M5 Crash Re-Opens Speed Limit Debate
The horrific crash on the M5 which has killed seven people has triggered a renewed debate on whether the speed limit on the UK's motorways should be raised to 80mph.
In September the government launched a consultation on raising the maximum speed limit from its current threshold of 70mph, which was set more than fifty years ago.
At the time the government said it wanted to "put Britain back in the fast lane of global economies, and look again at the motorway speed limit which is nearly 50 years old, and out of date thanks to huge advances in safety and motoring technology."
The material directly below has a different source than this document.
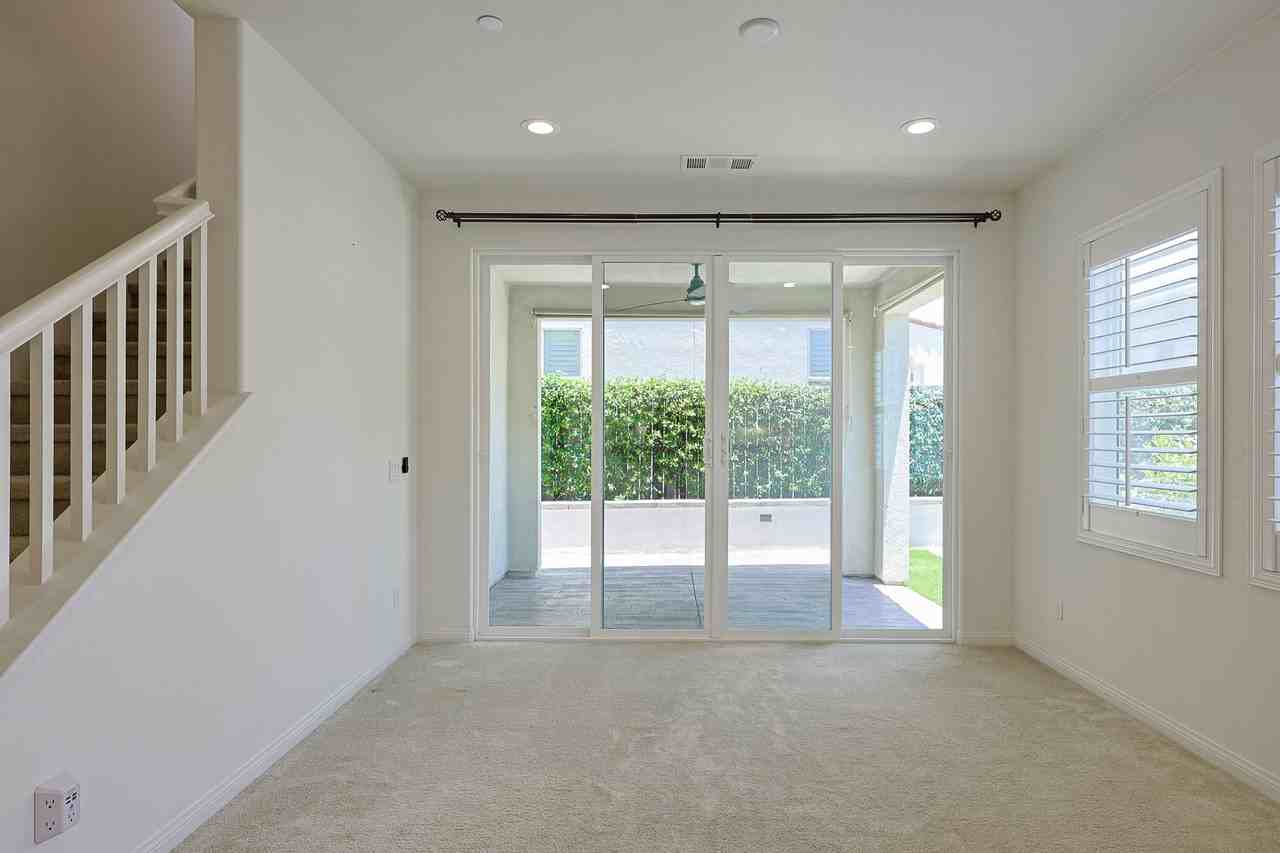 1098 Camino Levante - Photo 3 of 50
However since the crash on the M5 on Friday night road safety charities including the Royal Society for the Protection of Accidents have said the government's plans should be abandoned.
Tory MP Margot James told Jeremy Vine on BBC One there shouldn't be a rush to judgement on the speed limit, saying: "We don't know fast people were driving. I don't think people were driving that fast anyway, from the reports I've heard from the people interviewed who survived the accident. So I'm not sure it was the speed that was causing the problem. The fog was obviously a problem, but we don't know yet."
The Transport Secretary Justine Greening has said the government will also investigate the causes of the pile-up, which involved 34 vehicles and in which at least seven people are known to have died.
"Some people have said that the weather was particularly bad, but I think clearly what we need to do at the moment is focus on the NHS work that's happening to take care of the people who have been injured, but also getting the motorway back open again for the public as soon as possible. I think we'll have a debate about the policy issues in the coming weeks."